Tierney looked over Nelson’s shoulder and could see across the way that a small crowd was gathering on the sidewalk and looking through the glass windows at the front of the building.
 
Following the taller man’s gaze, Nelson turned and glanced back at the front of the building before returning to Tierney and saying, “Why don’t you take me upstairs and show me where it happened, Mr. Tierney.”
 

“Of course, right this way.”
 

Tierney led Nelson around the corner to a bank of elevators.
 
“Detective Cole arrived a few minutes ago and is already upstairs,” Tierney said as the elevator arrived.
 
The two men walked inside and Tierney pressed the button for the 6th floor.
 
Tierney turned to face the detective expecting more questions, but Nelson said nothing.
 
He merely looked straight ahead and up at the numbers over the door as the lights changed.
 
A bell sounded.
 
The elevator slowed to a halt and the doors opened.
 

As he stepped across the threshold, Nelson turned to Tierney and said, “Thanks Mr.
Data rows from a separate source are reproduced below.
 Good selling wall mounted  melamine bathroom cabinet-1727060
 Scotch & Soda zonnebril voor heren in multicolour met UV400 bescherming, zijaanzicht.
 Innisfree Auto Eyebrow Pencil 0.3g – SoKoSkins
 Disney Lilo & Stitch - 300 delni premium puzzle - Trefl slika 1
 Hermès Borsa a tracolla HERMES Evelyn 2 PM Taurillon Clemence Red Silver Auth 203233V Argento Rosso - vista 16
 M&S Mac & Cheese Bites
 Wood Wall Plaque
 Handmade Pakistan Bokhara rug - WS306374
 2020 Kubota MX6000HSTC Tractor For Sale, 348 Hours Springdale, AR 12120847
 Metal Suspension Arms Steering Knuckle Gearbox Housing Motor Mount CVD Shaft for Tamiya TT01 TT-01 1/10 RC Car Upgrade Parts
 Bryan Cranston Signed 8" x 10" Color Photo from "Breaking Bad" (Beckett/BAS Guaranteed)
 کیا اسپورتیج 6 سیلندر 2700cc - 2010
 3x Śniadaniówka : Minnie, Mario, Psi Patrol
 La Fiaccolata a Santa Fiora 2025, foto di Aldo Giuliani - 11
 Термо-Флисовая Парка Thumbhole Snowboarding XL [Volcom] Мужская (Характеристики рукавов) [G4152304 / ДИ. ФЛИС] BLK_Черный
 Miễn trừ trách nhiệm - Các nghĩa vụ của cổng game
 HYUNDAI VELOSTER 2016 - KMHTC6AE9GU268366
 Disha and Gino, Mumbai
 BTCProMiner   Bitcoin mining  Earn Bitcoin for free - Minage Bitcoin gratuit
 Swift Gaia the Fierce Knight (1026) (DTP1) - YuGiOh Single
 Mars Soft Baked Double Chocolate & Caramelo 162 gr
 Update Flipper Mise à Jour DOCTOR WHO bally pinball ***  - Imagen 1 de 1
Tierney.
 
I’ll let you know if I need anything else.”
 

He had been dismissed.
 
Disappointed and slightly put-off, Tierney stepped back into the elevator, watched the doors close in front of him and rode it back downstairs.
 
Nelson stepped through a pair of glass doors into a small reception area.
 
A uniformed officer greeted him.
 
The officer gestured down the hallway to Nelson’s left.
 
“The victim is located down the hall and around the corner to the right, sir.”
 

Nelson looked in the other direction, down the hallway to the right.
 
He turned back to the officer.
 
“Can I get there if I go around this way?”
 

“I believe so.”
 

“Thanks, I think I’ll take the scenic route.”
 
Nelson appeared like a man out on a Sunday stroll, sipping his Diet Coke as he traveled down the hallway.
 
The floor appeared to consist of offices on the outer perimeter of the building, but it was unclear what was on the inside.
 
All he could see so far was wall.
 
When he reached the end of the hallway, he turned left.
 
He saw a somewhat shorter hallway in front of him with offices again to his right along the outside of the building.
 
About a third of the way down on the left-hand side, he saw a glass door.
 
Next to the door was a long string of windows.
 
When Nelson reached the windows, he stopped and looked inside and the floor plan became suddenly clear.
 
He could see an endless string of tall bookshelves running down the middle of the room, which appeared to cover the entire middle portion of the 6th floor.
 
There were long tables on either side of the shelves and workstations scattered throughout the room.
 
This was the library, or at least part of it.
 

Nelson paused for a moment and scanned the room in front of him.
 
No one inside studying at the moment.
 
As he moved a few steps further down the hallway, he could see the entire expanse of the library, all the way to similar windows at the opposite end.
 
He could see police officers and evidence technicians working on the other side.
 
When he reached the end of the hall, he turned left again.
 
To his right was a large, metal door marked, “Stairs.”
 
Down at the end of the long hallway in front of him, he could see more evidence technicians and a uniformed officer.
 
Next to the uniformed officer, he recognized a tall, powerfully built black man - John Cole.
 
He was also a detective.
 

Cole turned when he heard Nelson approach and called out, “Hey Scott, how’s it going?”
 

Nelson nodded.
 
“What have we got here, John?” Nelson said with a sigh.
 

“Deceased white male,” Cole began, “early to mid-fifties.”
 

“ID?”
 

“Daniel Greenfield - one of the professors here at the law school.”
 

“Who
id’d
him?”
 

“One of his colleagues, another professor, stopped by the office to drop something off and, well, he walked in on a pretty bad scene.”
 

“Cause of death?”
 

“Blunt force trauma to the head.”
 

“Blunt force trauma to the head?” a voice cackled from inside the office.
 
“He got his brains beat in with a baseball bat.
 
That you Scott?”
 

“Yeah, sure is, Ham.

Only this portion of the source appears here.